The Endless Summer, (excerpt), in Eco-Visionaries, Art, Architecture and New Media After the Anthropocene,Hatje Cantz, 2018. (See full essay here. See Portuguese version here.)
Unless the legitimacy and lure of a celebrity institution suddenly creates an appetite for new iterations in this exhibition’s bright trajectory, after Lisbon, Umea, Basel, Gijon, and Madrid, the Eco-Visionaries project will be enjoying its last opening tomorrow at the Royal Academy of the Arts, in London.
I’m still curious to see if the appearance of this five-version curatorial endeavour in the context of media-heavy, attention-grabbing London will somehow revert my disappointment when the exhibition’s first instance, at Lisbon’s MAAT, engaged a considerable audience of 120.000 visitors, but zero media impact.
One should understand that, for me, back in the Spring of 2018 –in what seems like ages ago– that disturbing indifference emptied out the project’s main goal of triggering what felt like an urgent debate around the climate crisis.

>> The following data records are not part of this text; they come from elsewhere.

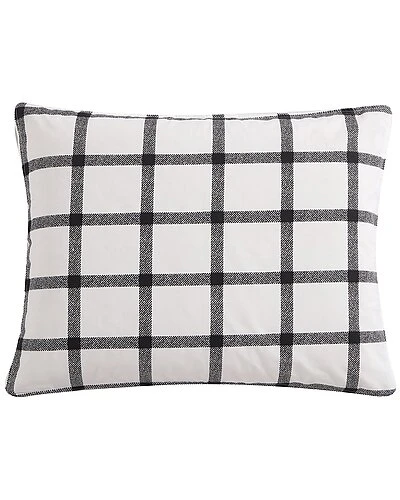 Eddie Bauer Nkhouse Plaid Duvet Set Home - Image 3
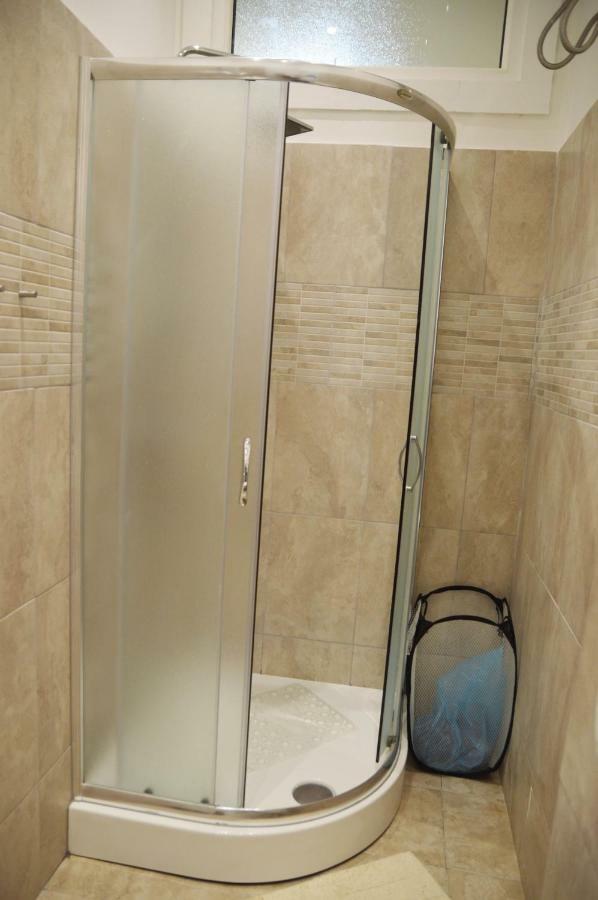 Budin Adri & Robi Center Apartment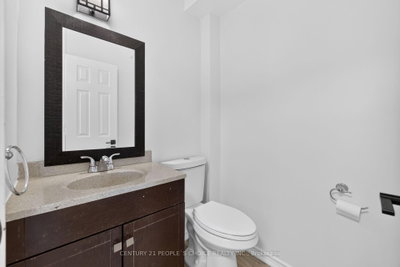 658 Galloway Crescent • Mississauga, ON photo 8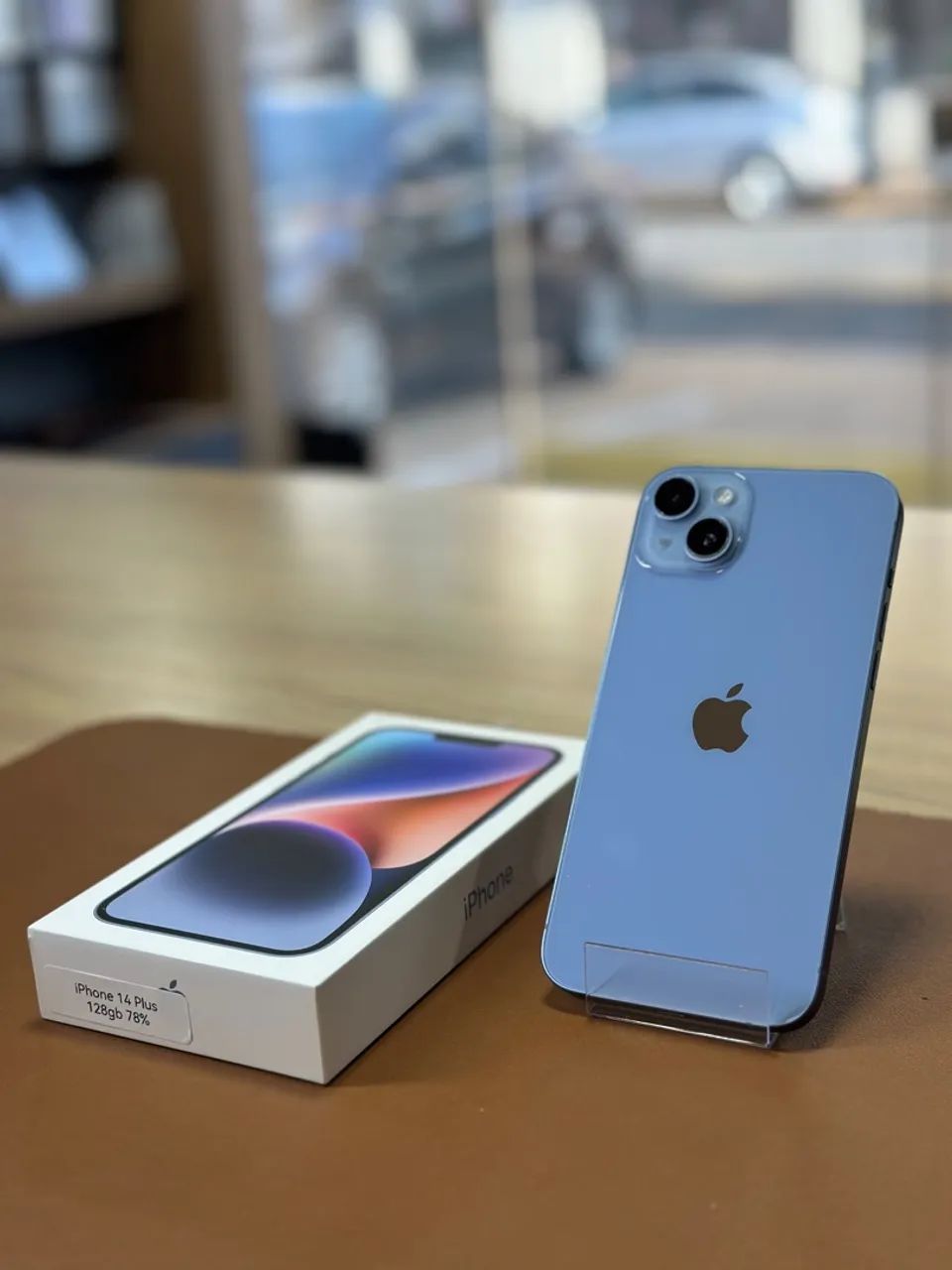 iPhone 14 Plus  - Foto 2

I’m sure that all those visitors – actually amounting to one fifth of Lisbon’s population – left with something important to muse about.
But null media reaction totally flunked the target of taking the exhibition’s message outside the museum’s walls. In itself, that fact was enough to make me realize that, when it comes to social impact, indeed “the museum is not enough.”
At least, the Eco-Visionaries book still features in must-read lists, such as this.
Perhaps Naomi Klein was right. Perhaps the awareness of encroaching environmental disaster had yet to accelerate in the public consciousness from 2017 onwards. As now has become much more evident, Klein was certainly on target when she exclaimed that this crisis “changes everything.”
Everybody is called to action out of their own fields, from scientists to journalists, and from artists or architects to economists or policy-makers.
Back in 2017, I was slightly concerned that Eco-Visionaries was too easily slipping from the initial optimism of its title, to the pessimism derived from a deeper acknowledgment of the engulfing state of things.
Now, however, on reading David Wallace-Well’s The Uninhabitable Earth, I reverse back to the idea that Eco-Visionaries was indeed optimistic – as somehow it still managed to linger in a hypnotic state of bittersweet schizophrenia between dismal and hopefulness.
As many are now repeating, Antonio Gramsci had already pointed to the formula that is now required to face the enormous challenge of ecological imbalance: pessimism of the intellect allied to the optimism of the will.
And then, even as Wallace-Well’s cascade of horrific fact-finding aligns accurately with the science I’ve been soaking at Harvard University and the MIT, it is also true that, when it comes to the environmental crisis, never before have I felt so positive to kick my addiction to “the good life,” and so inspired to do whatever I can do to improve things around me – wherever I may be.